Larger dispatch offices will have a veritable “people vault” of knowledge. Usually, one person will be the inquisitive, exploring kind who will visit various modules to see what is available; thus knowing where features are and how they work. They will know how to solve computer or network issues when the problem arises. Concrete dispatching is fast-moving and cannot wait. Stopping delivery mid-pour can result in a cold joint and expensive removal. Dispatching is the one place it does not pay to scrimp. Dispatching is the air control of the ready mixed concrete industry. Accounting can wait a week, Sales can wait a day, but dispatch can wait only a few minutes.
Avoid hiring all the same personality type. While uniform personalities may contribute to harmony in dispatch, that is after all, not the goal. What you want to avoid is a dispatch office where everyone is in total agreement and getting along well while providing poor service at great cost. The dispatchers’ goal is customer service and efficiency, which takes different personality types and different knowledge bases.

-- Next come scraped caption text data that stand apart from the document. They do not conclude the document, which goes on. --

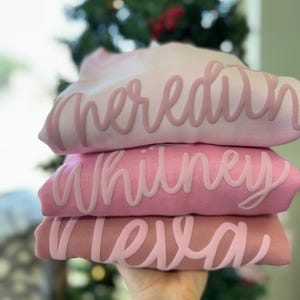 以下が含まれることがあります： ピンクのトレーナーが3枚重ねられています。トレーナーには、「Meredith」、「Whitney」、「Leila」という名前がピンクの文字で書かれています。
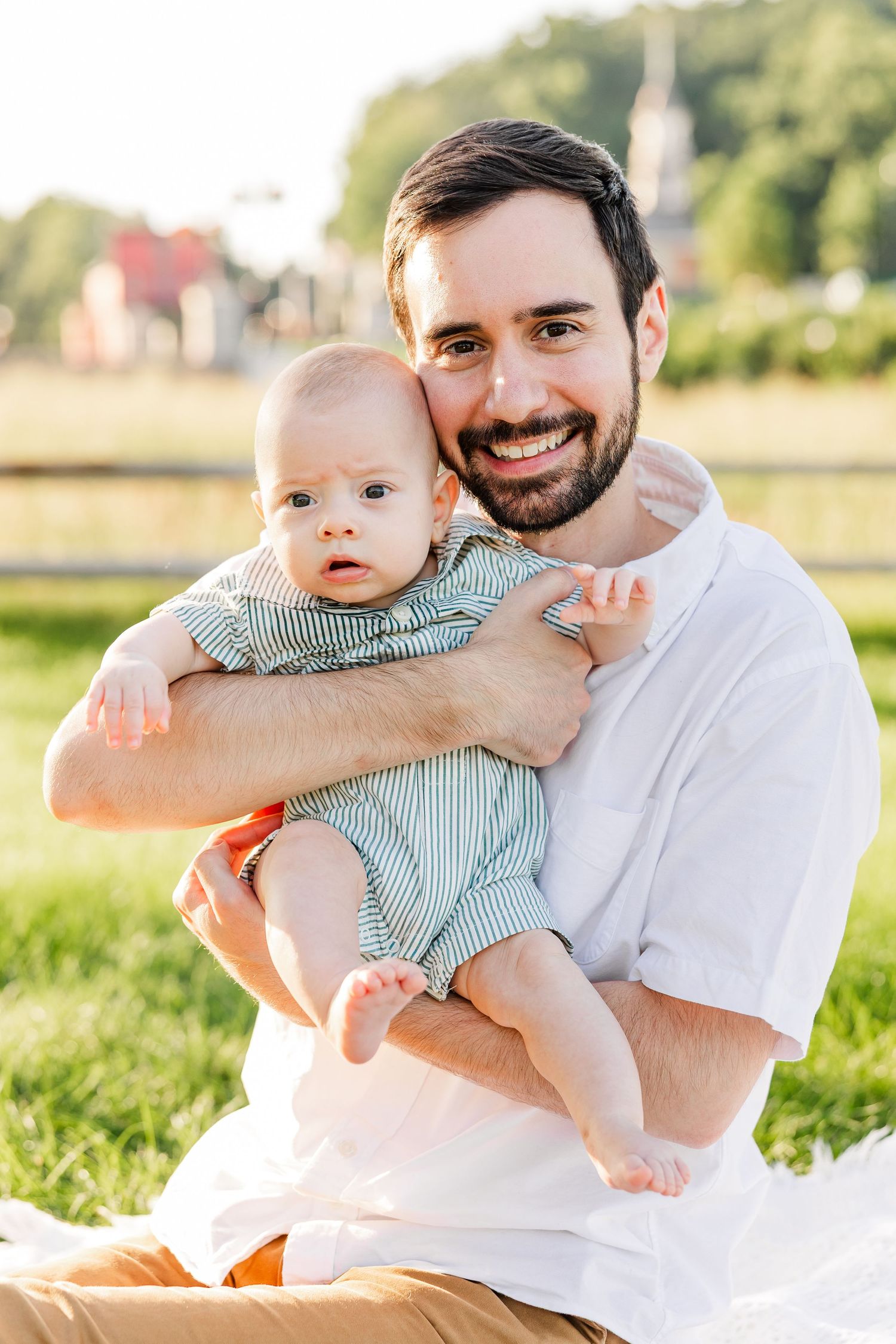 Smiling father holding his baby boy while sitting on grass in a sunny outdoor setting.
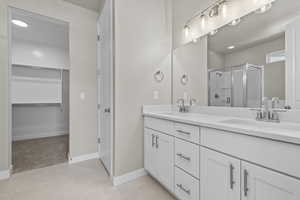 Bathroom with tile patterned floors, vanity, and a shower with door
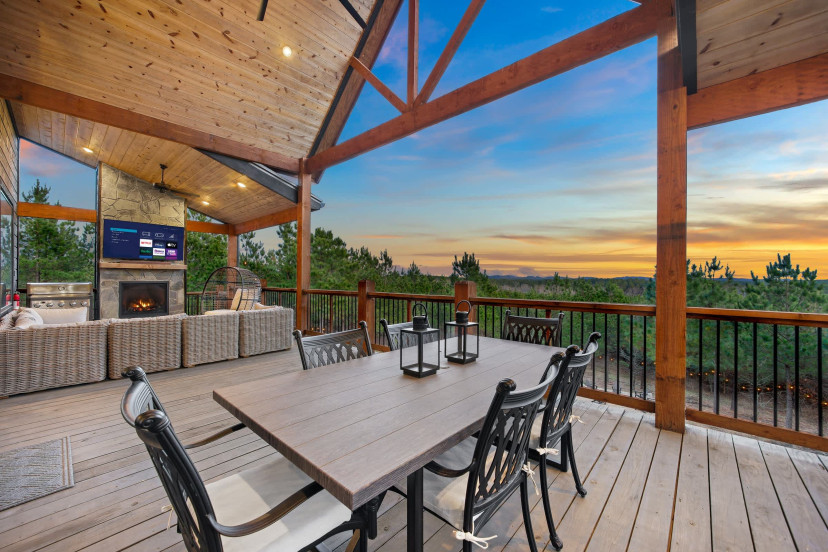 Alfresco dining, sectional couch, Smart TV, Fireplace and views.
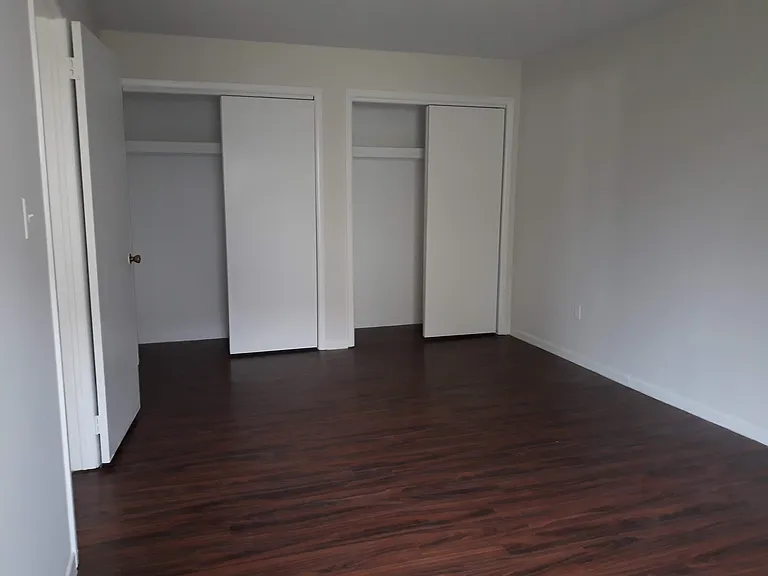 Bedroom showing the two closets.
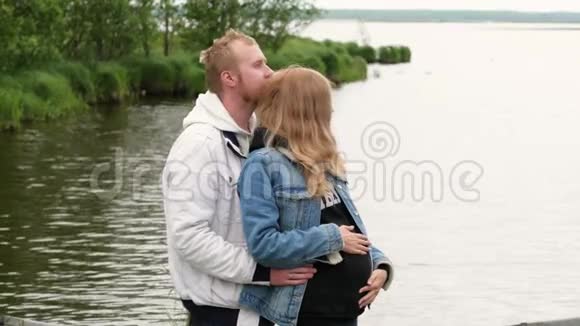 一位孕妇在湖边拥抱她的丈夫年轻的家庭期待着孩子走进来视频的预览图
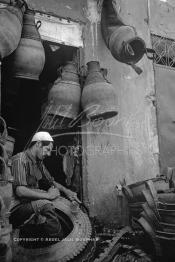 Image du Maroc Professionnelle de  Un Homme découpe un pneu de camion pour le transformer  en différents objets dont quelques uns sont accrochés au dessus. Plusieurs ateliers existaient dans rue situés derrière le cinéma Mabrouka où quelques artisans transformaient des pneus usagés en sceau pour hammam, cruche ou jarre que les paysans utilisaient pour faire sortir l’eau des puits. A cette époque le recyclage des pneus faisait partie intégrante du paysage social au Maroc, presque tous les hammams ont utilisés ces sceaux en caoutchouc à la place de ceux en bois, à cause de leur prix exorbitant et surtout qui se brisaient souvent par les lancements des ouvriers aux heures du nettoyage, Mercredi 18 Mai 1988. (Photo / Abdeljalil Bounhar)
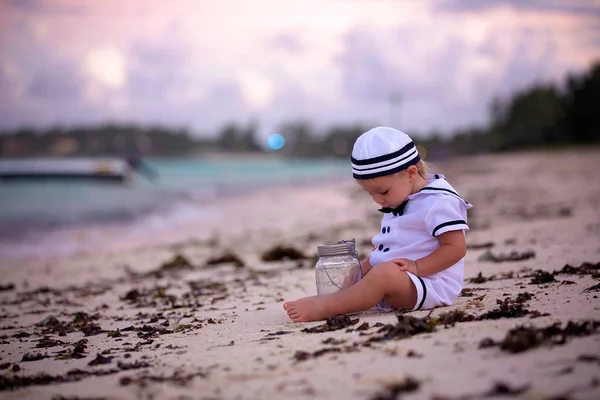 Piękny chłopiec malucha, ubrany jak marynarz, grając na plaży — Zdjęcie stockowe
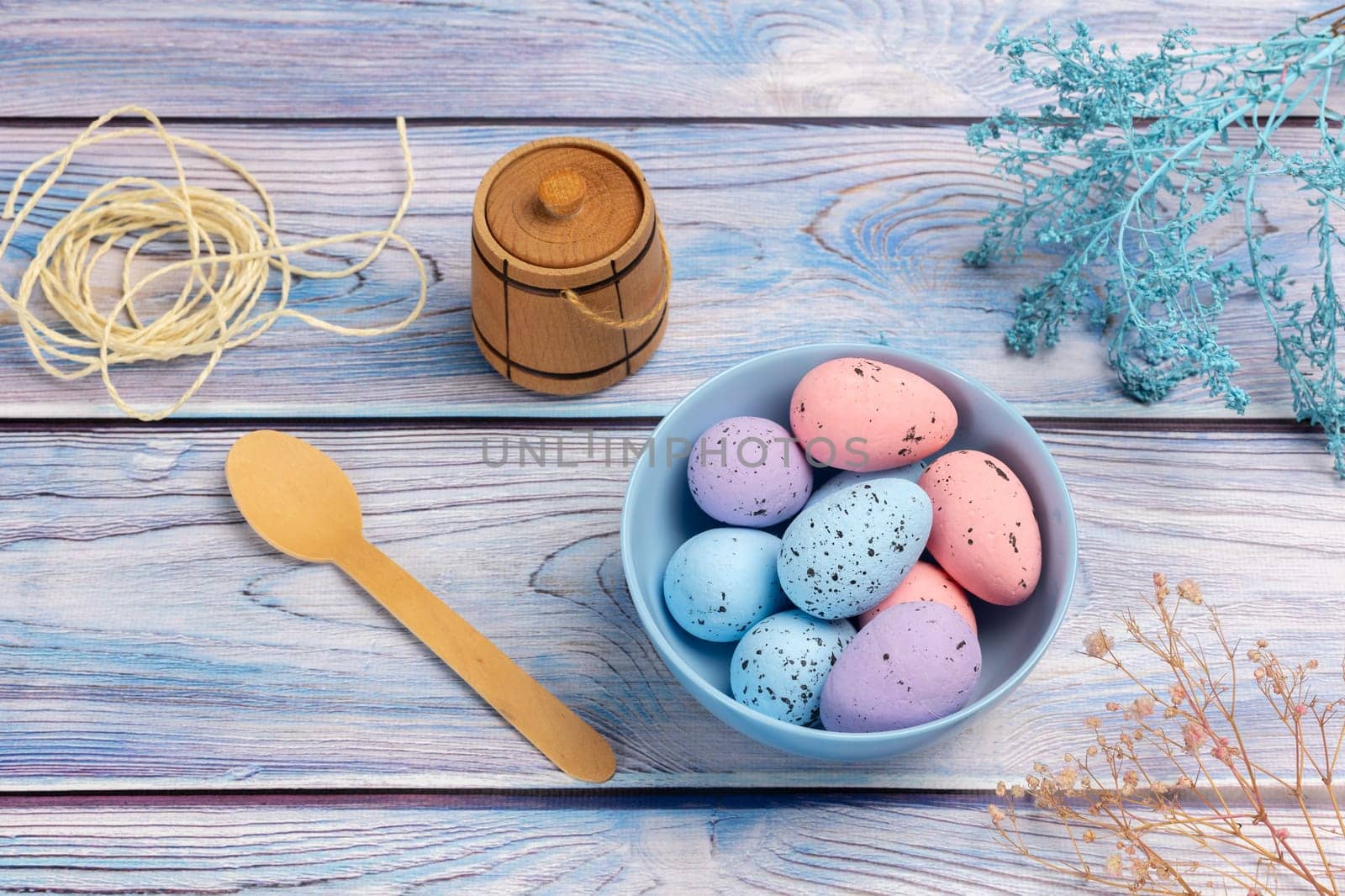 Bowl with colored Easter eggs, a small wooden barrel, a wooden spoon and a rope on the boards. Top view.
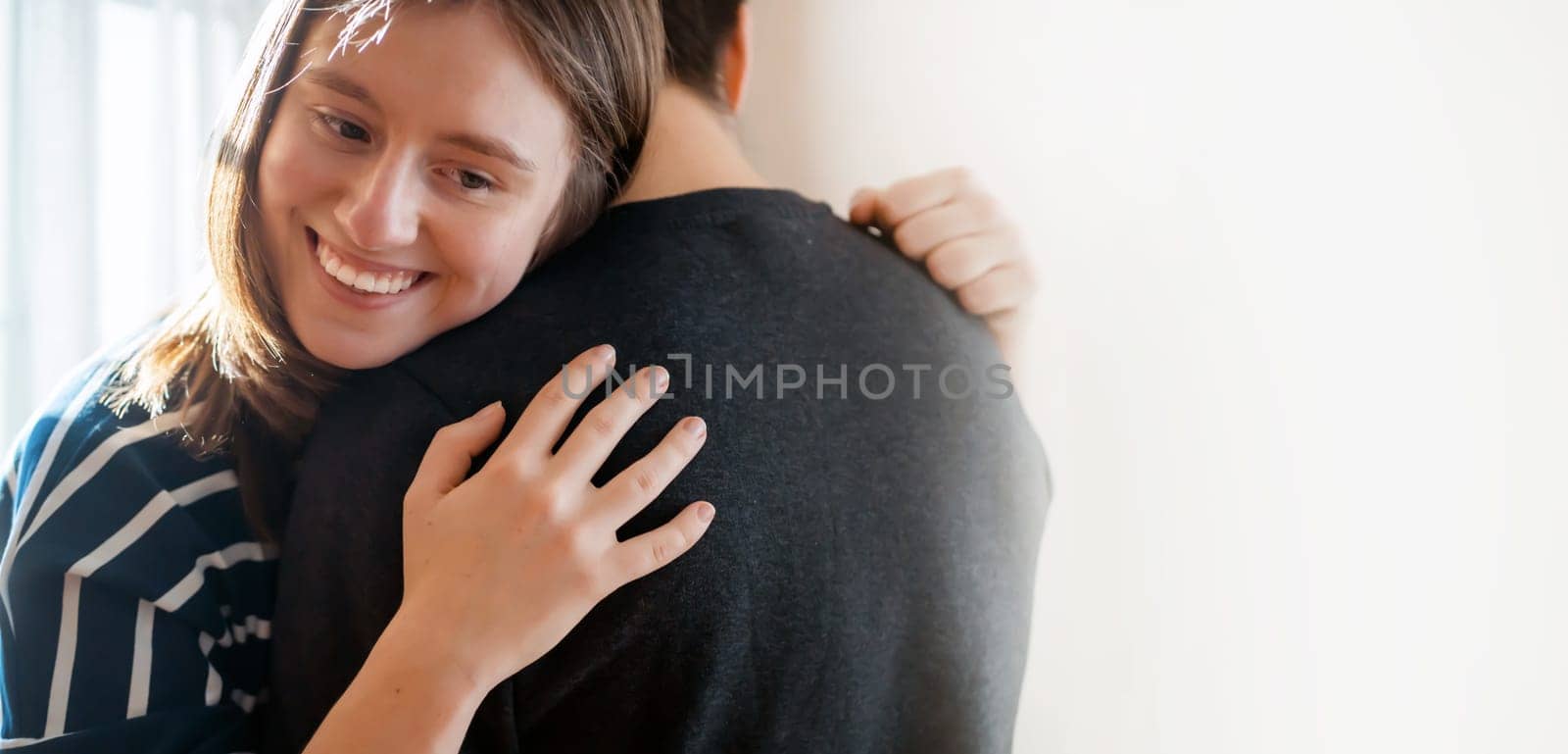 Happy young girl warmly hugs her boyfriend, rejoices at the meeting, stands near the window, smiley face in close-up, woman starts a romantic relationship. Husband and wife feel united, in a harmony.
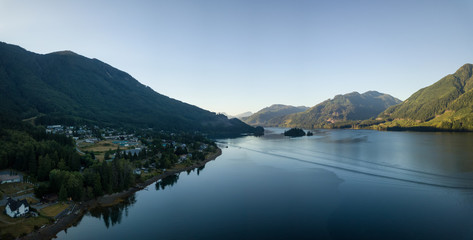 Fototapeta premium Aerial view of a small town, Port Alice, during a sunny summer sunrise. Located in Northern Vancouver Island, BC, Canada.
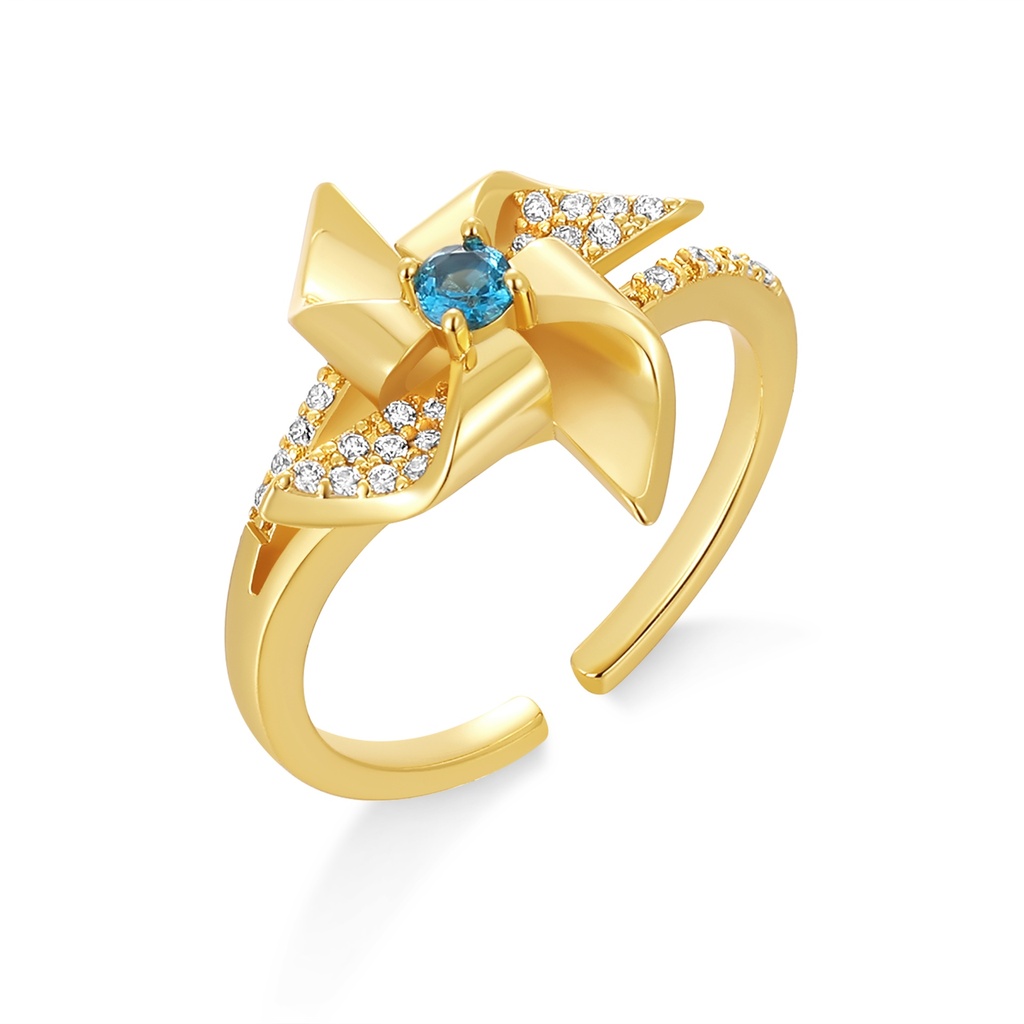 Gold Pinwheel Design Ring with Sparkling Blue Center Stone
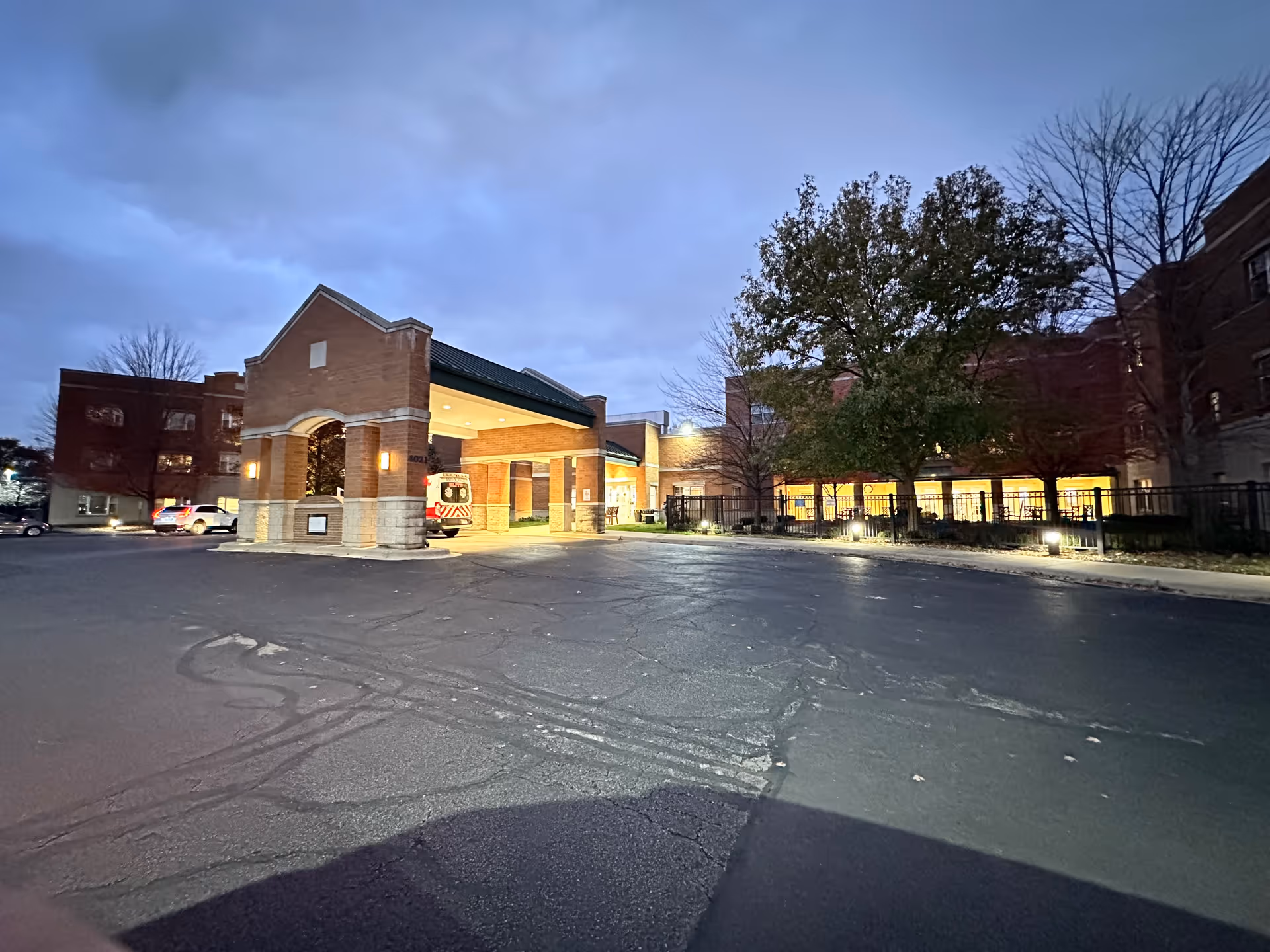 Exterior view of St. Joseph Village of Chicago at dusk, showing a brick building with a covered entrance where an ambulance is parked. The surrounding area includes a paved driveway, some trees, and lit windows.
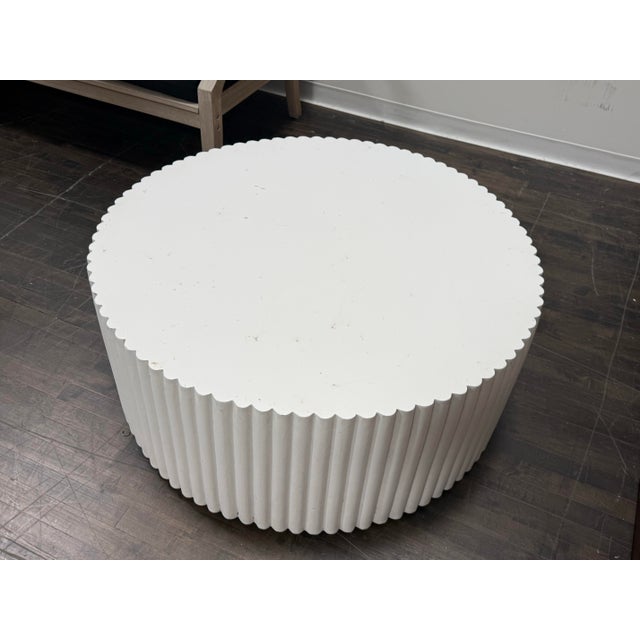 Design Plus Gallery presents the Tropea Fluted White Indoor/Outdoor Coffee Table from Williams Sonoma Home. The table has...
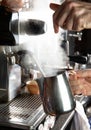 Closeup female hands are making coffee using professional metal machine in cafe Royalty Free Stock Photo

Non-central concentrates one person’s opinion of what is important in one place, enabling the passing of ignorance onto the successor. This assumes that there is an overlap of jobs to allow this to occur. This occupational “game of telephone” can result in some bad practices in only a few iterations.
Central dispatch enhances knowledge transfer by combining many different talents in one place. Losing one person is inconvenient but not catastrophic.